Ordered that the judgment is affirmed.
On March 16, 1991, the police searched the defendant's apartment pursuant to a search warrant and discovered, among other things, numerous vials of crack underneath a stairway. The police prepared to take to the police station both the defendant and his wife, who was elsewhere in the apartment with their two children, and suggested to the wife that she arrange for a family member to watch the children. Thereafter, the defendant's wife yelled to the defendant that she was "not going to go back to jail for this, I just got out", and that he should "tell * * * the truth". The defendant then stated "It's mine, she has nothing to do with it, the stuff is mine". The hearing court found that the police did not ask the defendant any questions before he made his incriminating statement. Subsequently, the defendant was taken to the police station, where, after waiving his Miranda rights, he made a written statement taking responsibility for the drugs and exonerating his wife.
We reject the defendant's contention on appeal that both statements should have been suppressed. The record clearly shows that the defendant uttered his initial incriminatory statement in response to his wife's comments, not in response to the "functional equivalent" of express questioning by the police (People v. Bryant, 59 N.Y.2d 786, 788). There is no evidence that the police induced the defendant's statement by promising, either explicitly or implicitly, that they would release the defendant's wife if he confessed (see, People v. Monzon, 167 A.D.2d 357). "Merely because defendant was amidst officers who were in the process of carrying on routine police functions, and discussing these functions, does not lead to the inexorable conclusion that defendant's will was overborne or that he was coerced into confessing" (People v. Sobolof, 109 A.D.2d 903, 905).
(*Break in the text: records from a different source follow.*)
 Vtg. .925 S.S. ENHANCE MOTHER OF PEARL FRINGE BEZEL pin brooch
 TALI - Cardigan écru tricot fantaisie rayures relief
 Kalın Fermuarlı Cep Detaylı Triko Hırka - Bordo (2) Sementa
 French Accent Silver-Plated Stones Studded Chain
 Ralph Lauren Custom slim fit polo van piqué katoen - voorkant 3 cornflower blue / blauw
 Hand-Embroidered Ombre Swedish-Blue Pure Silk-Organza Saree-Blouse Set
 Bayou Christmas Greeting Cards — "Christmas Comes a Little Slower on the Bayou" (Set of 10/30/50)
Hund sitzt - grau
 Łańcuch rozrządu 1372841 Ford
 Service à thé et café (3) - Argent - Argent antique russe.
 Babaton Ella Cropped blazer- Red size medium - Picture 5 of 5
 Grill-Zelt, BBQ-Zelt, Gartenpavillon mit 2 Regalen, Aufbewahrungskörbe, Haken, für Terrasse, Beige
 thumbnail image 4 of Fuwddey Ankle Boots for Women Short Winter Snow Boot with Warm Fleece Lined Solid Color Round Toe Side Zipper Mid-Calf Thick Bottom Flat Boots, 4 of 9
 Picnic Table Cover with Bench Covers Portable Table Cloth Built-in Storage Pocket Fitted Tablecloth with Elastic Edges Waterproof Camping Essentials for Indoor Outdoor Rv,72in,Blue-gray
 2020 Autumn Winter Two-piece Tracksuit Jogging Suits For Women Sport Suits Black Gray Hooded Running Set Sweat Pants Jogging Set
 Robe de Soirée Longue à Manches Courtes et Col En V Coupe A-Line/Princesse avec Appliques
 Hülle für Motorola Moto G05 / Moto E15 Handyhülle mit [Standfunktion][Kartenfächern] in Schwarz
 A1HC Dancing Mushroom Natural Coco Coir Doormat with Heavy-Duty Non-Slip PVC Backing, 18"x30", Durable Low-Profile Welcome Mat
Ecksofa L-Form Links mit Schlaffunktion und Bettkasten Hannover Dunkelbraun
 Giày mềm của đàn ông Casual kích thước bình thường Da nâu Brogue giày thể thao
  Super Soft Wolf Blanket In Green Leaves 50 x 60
Accordingly, the court properly held that the defendant's oral statement was not the product of any illegal procedures by the police and hence was admissible. It also follows, therefore, that there is no merit to the defendant's contention that his written statement, which followed his waiver of his Miranda rights, was tainted by any illegal police conduct (cf., People v Morton, 174 A.D.2d 1019). Sullivan, J.P., Rosenblatt, Lawrence and O'Brien, JJ., concur.